=== Section Start ===
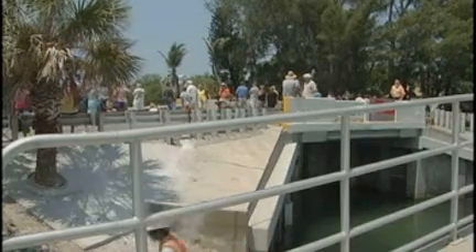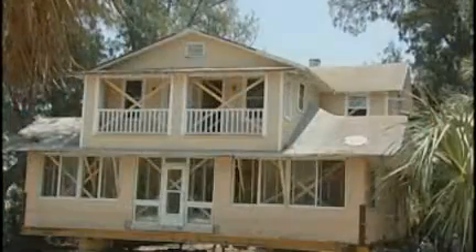But not just any old house, mind you — a nearly 100-year-old house on the move. So far, so good. Pretty exciting.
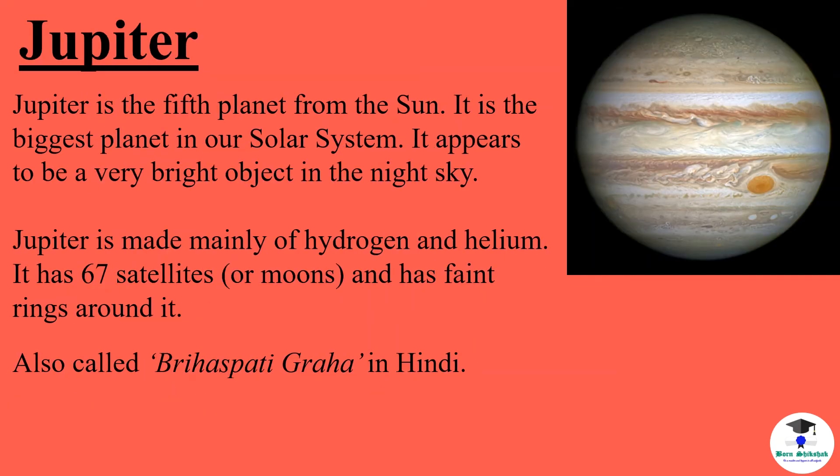Jupiter is the fifth planet from the sun. It is the biggest planet in our solar system. It appears to be a very bright object in the night sky. Jupiter is made of mainly hydrogen and helium. It has 67 satellites or moons and has faint rings around it. It is also called Brihaspati Graha in Hindi.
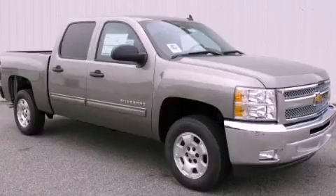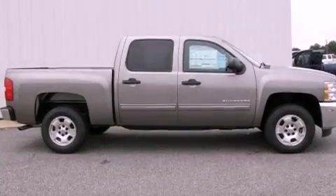This is a brand new 2012 Chevrolet Silverado 1500. Strong, durable, and dependable.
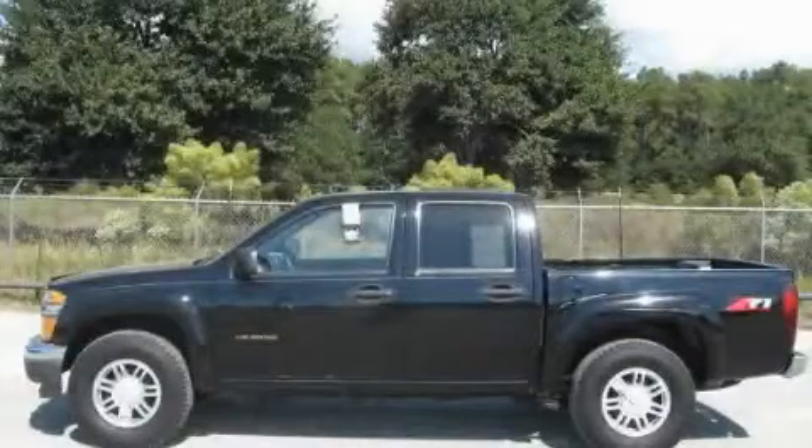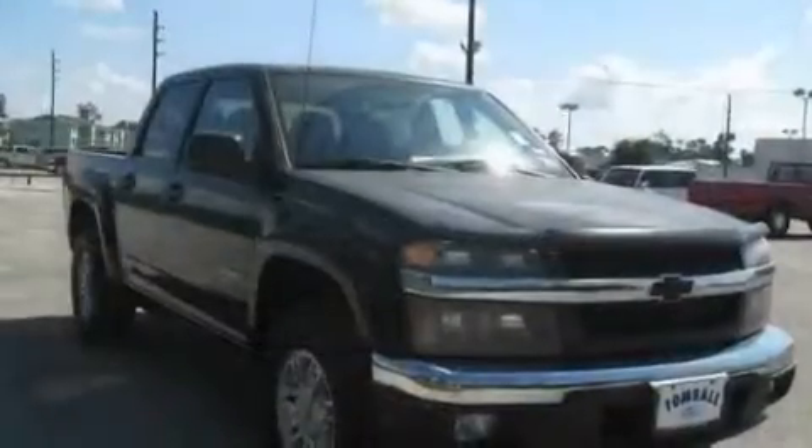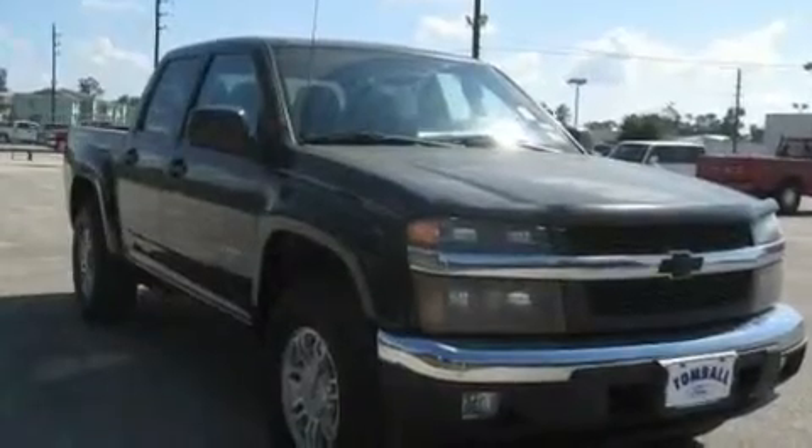This is a 2005 Chevrolet Colorado. It has the power to move what you need and the look too. It features a 3.5-liter, 5-cylinder engine and a 4-speed automatic transmission.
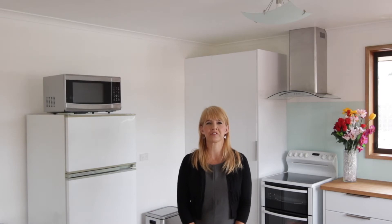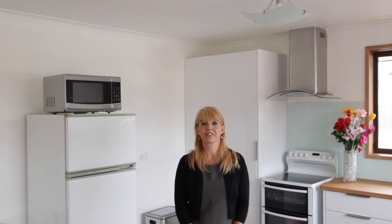Hi, I'm Deb Stephens and welcome to Two Golf Links Road in Geilston Bay, less than 10 minutes drive to the city.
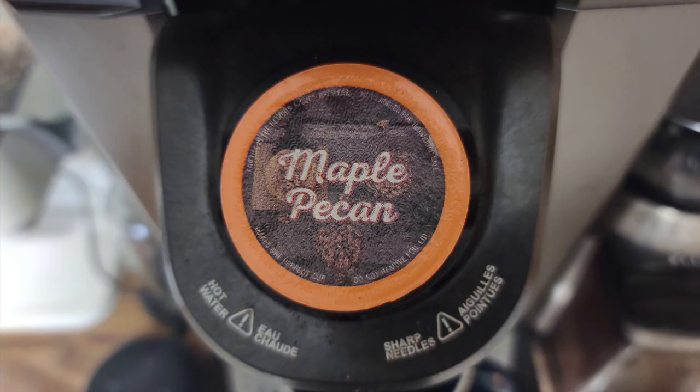Today we have maple pecan. Now, earlier we had southern pecan. Maybe this is the answer — you just put maple on it, it becomes a northern thing. The aroma is already very maple-y. It is definitely maple. I don't know if this is like the roasted pecans, where you put some maple syrup in there and get it all crunchy.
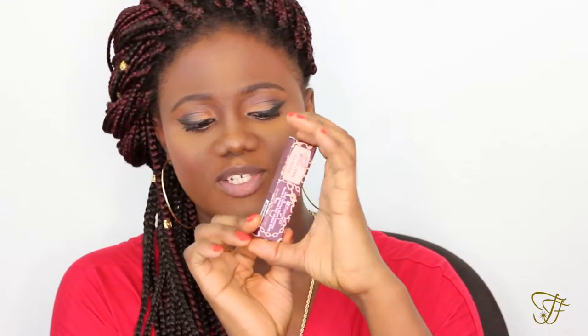The second shade I'm going to be swatching for you guys is the one she named after herself — the Missaline. And as I said, this is the box it comes in.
=== Section End ===
Make an exact copy of all the material, but keep the pictures out of it.

But not just any old house, mind you — a nearly 100-year-old house on the move. So far, so good. Pretty exciting.
Jupiter is the fifth planet from the sun. It is the biggest planet in our solar system. It appears to be a very bright object in the night sky. Jupiter is made of mainly hydrogen and helium. It has 67 satellites or moons and has faint rings around it. It is also called Brihaspati Graha in Hindi.
This is a brand new 2012 Chevrolet Silverado 1500. Strong, durable, and dependable.
This is a 2005 Chevrolet Colorado. It has the power to move what you need and the look too. It features a 3.5-liter, 5-cylinder engine and a 4-speed automatic transmission.
Hi, I'm Deb Stephens and welcome to Two Golf Links Road in Geilston Bay, less than 10 minutes drive to the city.
Today we have maple pecan. Now, earlier we had southern pecan. Maybe this is the answer — you just put maple on it, it becomes a northern thing. The aroma is already very maple-y. It is definitely maple. I don't know if this is like the roasted pecans, where you put some maple syrup in there and get it all crunchy.
The second shade I'm going to be swatching for you guys is the one she named after herself — the Missaline. And as I said, this is the box it comes in.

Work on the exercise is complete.